RECORD SET ->
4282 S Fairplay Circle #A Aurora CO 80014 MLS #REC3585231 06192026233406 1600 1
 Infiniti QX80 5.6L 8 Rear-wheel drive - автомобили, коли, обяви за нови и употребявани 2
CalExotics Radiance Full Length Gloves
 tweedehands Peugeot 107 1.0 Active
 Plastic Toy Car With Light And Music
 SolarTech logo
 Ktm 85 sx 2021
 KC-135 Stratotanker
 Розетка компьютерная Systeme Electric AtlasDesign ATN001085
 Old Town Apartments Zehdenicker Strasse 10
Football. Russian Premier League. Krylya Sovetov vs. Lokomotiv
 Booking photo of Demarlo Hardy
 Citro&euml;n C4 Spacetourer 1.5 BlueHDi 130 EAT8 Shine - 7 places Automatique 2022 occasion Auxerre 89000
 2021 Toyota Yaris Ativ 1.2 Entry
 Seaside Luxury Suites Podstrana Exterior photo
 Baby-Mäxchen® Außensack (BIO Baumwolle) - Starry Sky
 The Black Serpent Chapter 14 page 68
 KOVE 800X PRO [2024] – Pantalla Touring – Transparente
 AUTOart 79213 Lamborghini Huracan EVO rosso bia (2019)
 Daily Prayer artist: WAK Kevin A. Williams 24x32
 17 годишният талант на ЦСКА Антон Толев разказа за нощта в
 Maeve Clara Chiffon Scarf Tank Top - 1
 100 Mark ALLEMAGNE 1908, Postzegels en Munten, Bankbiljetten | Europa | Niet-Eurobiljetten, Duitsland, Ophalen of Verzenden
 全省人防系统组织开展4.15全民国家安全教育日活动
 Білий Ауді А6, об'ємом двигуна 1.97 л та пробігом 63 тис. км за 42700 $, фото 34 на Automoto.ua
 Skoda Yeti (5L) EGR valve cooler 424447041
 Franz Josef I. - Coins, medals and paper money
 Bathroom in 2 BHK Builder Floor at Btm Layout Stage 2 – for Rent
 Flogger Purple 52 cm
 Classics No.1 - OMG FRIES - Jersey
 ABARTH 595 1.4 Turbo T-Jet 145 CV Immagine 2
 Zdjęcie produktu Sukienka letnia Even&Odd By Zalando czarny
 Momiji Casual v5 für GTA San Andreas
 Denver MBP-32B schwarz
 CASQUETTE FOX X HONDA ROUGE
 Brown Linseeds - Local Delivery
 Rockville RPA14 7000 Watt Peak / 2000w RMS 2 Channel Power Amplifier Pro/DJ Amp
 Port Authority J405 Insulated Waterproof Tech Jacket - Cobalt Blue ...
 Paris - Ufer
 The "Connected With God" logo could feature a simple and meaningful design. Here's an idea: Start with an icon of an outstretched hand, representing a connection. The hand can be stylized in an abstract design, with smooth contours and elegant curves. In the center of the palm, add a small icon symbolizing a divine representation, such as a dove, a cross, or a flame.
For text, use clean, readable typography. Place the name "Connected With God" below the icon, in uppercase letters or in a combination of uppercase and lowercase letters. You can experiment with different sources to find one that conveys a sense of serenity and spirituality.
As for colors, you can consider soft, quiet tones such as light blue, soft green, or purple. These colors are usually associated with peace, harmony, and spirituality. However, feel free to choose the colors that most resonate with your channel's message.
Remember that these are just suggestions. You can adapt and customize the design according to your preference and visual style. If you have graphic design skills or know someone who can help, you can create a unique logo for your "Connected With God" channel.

TASK ITEM ->
The lines sought are those in the data above that include the string "your"; copy each one.

RESPONSE ->
As for colors, you can consider soft, quiet tones such as light blue, soft green, or purple. These colors are usually associated with peace, harmony, and spirituality. However, feel free to choose the colors that most resonate with your channel's message.
Remember that these are just suggestions. You can adapt and customize the design according to your preference and visual style. If you have graphic design skills or know someone who can help, you can create a unique logo for your "Connected With God" channel.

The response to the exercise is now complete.